Reader Input Needed: Are You Experiencing Barthesian Fatigue?

What This Guy is Thinking: ” Good God, Just Shoot Me…Another Leicaphilia Article About Some Completely Unintelligible French Philosopher”

As many of you know, I’ve been off on a Philosophy of Photography riff for some time now. Partly it’s because I find the subject fascinating, and partly because talking about the latest Leica gadget gets old after a while, and also, frankly, digital Leica gadgets, in general, bore me, although I’m open to someone gifting me an M10. Also, as I’ve mentioned before, I’m now officially doing graduate work in history at an institution with fairly high standards, so that’s taking much of my time in addition to doing the work I do to pay my bills. As a means of motivating me going forward, I am open to someone starting a Go Fund Me campaign where every reader donates $10, the proceeds going to an M10 for me. It’s the least you could do, given I’ve been faithfully cranking out blog posts now for 5 years (I’m up to around 380 posts), all without running ads or mentioning sponsors or soliciting donations to “help offset” the costs to me of doing so (in actuality, the costs are minimal; it’s the time and effort that creates the burden). I’m assuming, however, that the Go Fund Me campaign, and the M10, aren’t happening. One can wish.

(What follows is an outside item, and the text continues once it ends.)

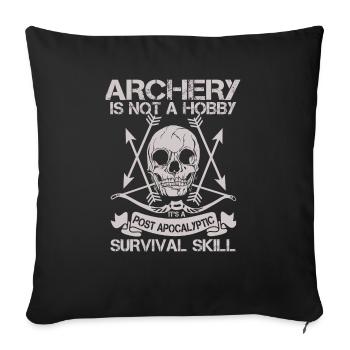 Archery is not a hobby -hunting bow and - Sofa pillowcase 17,3'' x 17,3'' (45 x 45 cm) - black - Front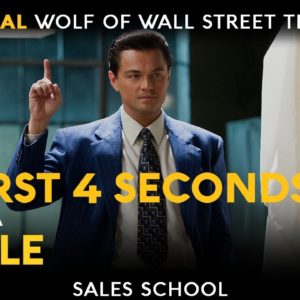 The First 4 Seconds of a Sale | Free Sales Training Program | Sales School with Jordan Belfort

As long as I’m running the blog, there’s always going to be a certain philosophical aspect to it, but I’m afraid that the direction I’ve been going recently – all theory, little Leica – might be causing reader fatigue. All of which is leading up to the question I feel needs to be asked: what is it that you want to see from this site, if anything, going forward?

When I started Leicaphilia some years ago I didn’t care what my readers, if any, would think. I couldn’t have cared less. I saw this as my thing, a place I could say what I wanted to say about Leicas and film photography and digital photography and gear etc without being “moderated” by someone or censoring myself to avoid offending readers. That’s not gonna happen. Occasionally, in response to a particularly inflammatory post, I’d receive an email from a reader saying something to the effect that they’ve been reading my blog for a long time, they think it’s great, but…..I’m better than that. While I appreciate the input, I’ve made a conscious decision to ignore such advice. I think the blog works best when I say what I want to say in the manner I want to say it, and that’s the philosophy going forward. But, I’ve realized that reader input has been a really positive influence on the growth and evolution of the blog – readers’ photography, their essays, their comments.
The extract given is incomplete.